Tuesday, May 16, 2017

Album Review: Night Flight Orchestra - Amber Galactic

I don't consider myself a metal fan, even though I listen to and enjoy a fair amount of metal. The reason I don't do that is because, when I look around and see the throngs of fans who listen to nothing but metal, and who consider anything less than metal to be weak, I simply am not one of them. I couldn't imagine listening to nothing but metal, and apparently many of the musicians can't either. While, for instance, I can appreciate what Soilwork does, there aren't that many times I want to get screamed at for half of every song. Apparently Bjorn Strid feels the same way, because in between Soilwork albums, he's been getting together with friends and pumping out 70s and 80s inspired rock under the guise of The Night Flight Orchestra.

I never covered the band's previous albums, but I did hear enough of them to be mildly intrigued by what I heard. Bjorn is an obviously talented singer, and the throwback aesthetic works for me, but the project had the slapdash and thrown-together songwriting I would imagine for a group that doesn't get ample time to put their records together. Will this time be different?

"Midnight Flyer" kicks things off by telling us exactly where the heart of this album lies. The sound is pure 80s Journey, just as cheesy as you remember. The synths aren't as ridiculous as they could be, since this is meant to be an homage to that time, but there is plenty to politely snicker at. That's how the 80s were.
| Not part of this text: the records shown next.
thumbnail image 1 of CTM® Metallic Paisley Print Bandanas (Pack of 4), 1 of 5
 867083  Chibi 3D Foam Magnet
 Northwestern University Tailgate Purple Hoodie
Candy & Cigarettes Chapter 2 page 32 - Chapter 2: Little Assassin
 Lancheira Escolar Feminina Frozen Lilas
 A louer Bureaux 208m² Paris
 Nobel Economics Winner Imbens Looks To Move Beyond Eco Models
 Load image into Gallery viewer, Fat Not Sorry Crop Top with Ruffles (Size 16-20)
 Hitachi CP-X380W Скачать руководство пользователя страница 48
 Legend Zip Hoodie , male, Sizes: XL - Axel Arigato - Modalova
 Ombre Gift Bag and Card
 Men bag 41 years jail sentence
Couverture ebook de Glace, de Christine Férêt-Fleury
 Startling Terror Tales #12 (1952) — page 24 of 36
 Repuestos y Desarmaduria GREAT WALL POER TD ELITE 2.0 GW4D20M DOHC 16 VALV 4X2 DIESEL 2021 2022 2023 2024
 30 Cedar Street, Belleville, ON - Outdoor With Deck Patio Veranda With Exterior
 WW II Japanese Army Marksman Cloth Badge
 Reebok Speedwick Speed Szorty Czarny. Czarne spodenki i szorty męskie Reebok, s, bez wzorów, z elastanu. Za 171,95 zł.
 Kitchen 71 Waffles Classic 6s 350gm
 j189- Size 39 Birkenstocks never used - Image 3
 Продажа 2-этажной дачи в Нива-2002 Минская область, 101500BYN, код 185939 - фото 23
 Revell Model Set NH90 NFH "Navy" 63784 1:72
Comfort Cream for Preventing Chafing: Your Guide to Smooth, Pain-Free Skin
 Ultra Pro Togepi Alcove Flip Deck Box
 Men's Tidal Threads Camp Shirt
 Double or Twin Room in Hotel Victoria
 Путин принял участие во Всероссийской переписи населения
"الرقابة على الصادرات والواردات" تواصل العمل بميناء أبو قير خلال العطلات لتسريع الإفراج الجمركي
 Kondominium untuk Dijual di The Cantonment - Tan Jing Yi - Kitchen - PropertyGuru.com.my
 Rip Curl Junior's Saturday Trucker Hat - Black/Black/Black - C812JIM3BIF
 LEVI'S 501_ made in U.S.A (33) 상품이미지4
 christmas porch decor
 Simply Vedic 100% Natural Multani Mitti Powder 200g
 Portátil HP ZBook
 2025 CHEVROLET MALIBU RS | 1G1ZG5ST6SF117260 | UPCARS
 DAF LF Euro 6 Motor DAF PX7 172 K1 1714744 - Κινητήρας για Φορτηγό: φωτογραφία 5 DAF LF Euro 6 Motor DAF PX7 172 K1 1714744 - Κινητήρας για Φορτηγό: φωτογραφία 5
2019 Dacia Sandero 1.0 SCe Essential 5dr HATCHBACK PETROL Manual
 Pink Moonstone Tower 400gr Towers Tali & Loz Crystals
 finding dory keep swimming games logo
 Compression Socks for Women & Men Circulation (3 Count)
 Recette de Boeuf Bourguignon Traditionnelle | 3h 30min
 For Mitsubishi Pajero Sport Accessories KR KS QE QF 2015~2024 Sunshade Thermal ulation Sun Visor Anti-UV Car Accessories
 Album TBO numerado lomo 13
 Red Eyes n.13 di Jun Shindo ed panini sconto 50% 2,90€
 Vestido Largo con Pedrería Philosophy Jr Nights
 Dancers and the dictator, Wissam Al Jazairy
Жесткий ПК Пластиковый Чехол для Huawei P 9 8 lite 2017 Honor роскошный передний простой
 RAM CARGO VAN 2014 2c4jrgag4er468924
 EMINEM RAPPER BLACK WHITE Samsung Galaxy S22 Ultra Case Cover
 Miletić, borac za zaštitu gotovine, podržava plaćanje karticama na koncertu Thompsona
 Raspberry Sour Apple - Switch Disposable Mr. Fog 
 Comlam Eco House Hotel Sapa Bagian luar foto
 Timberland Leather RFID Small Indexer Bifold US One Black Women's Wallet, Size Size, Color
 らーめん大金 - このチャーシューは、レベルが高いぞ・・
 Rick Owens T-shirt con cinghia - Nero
What I find interesting about this group is the difference in how I perceive Bjorn. In Soilwork, his melodic choruses are the strongest parts of the songs, punchy and delivered expertly. He is obviously the same singer, but he sounds different here. Whether it's the nature of how the album was written and recorded, or if it's the law of diminishing returns, but he never manages to hit those melodies as hard as he does in his main gig. These songs are enjoyable, but for being melodic hard rock, they feel like they need to have bigger hooks.

Then again, having experienced the late 80s that this record is mimicking, those were not days filled with that kind of songwriting. The Night Flight Orchestra masterfully apes that period of time, with "Domino" in particular bringing back nearly lucid memories of my childhood. Even now, hearing songs from those days on the radio, it strikes me how few of them have great melodies and hooks. Back then, the songs got by on quirks and the lack of pop and rock crossover. In that respect, "Amber Galactic" fits right in. Too well, I would say.

"Amber Galactic" is pure 1988, for better or worse. For what they were aiming for, this record is scarily accurate. If you told me these songs were written back then, I wouldn't bat an eyelash at you. However, that period of time hasn't aged well, so while the band has to be applauded for their skill at putting on the sonic image, I can't let the album pass by without saying I'm disappointed they didn't update the songwriting with a bit of modern melodic flair. I miss the choruses I know Bjorn can deliver. They're all that's holding "Amber Galactic" back from being a perfect time machine.... to a time I'm not sure anyone wants to revisit.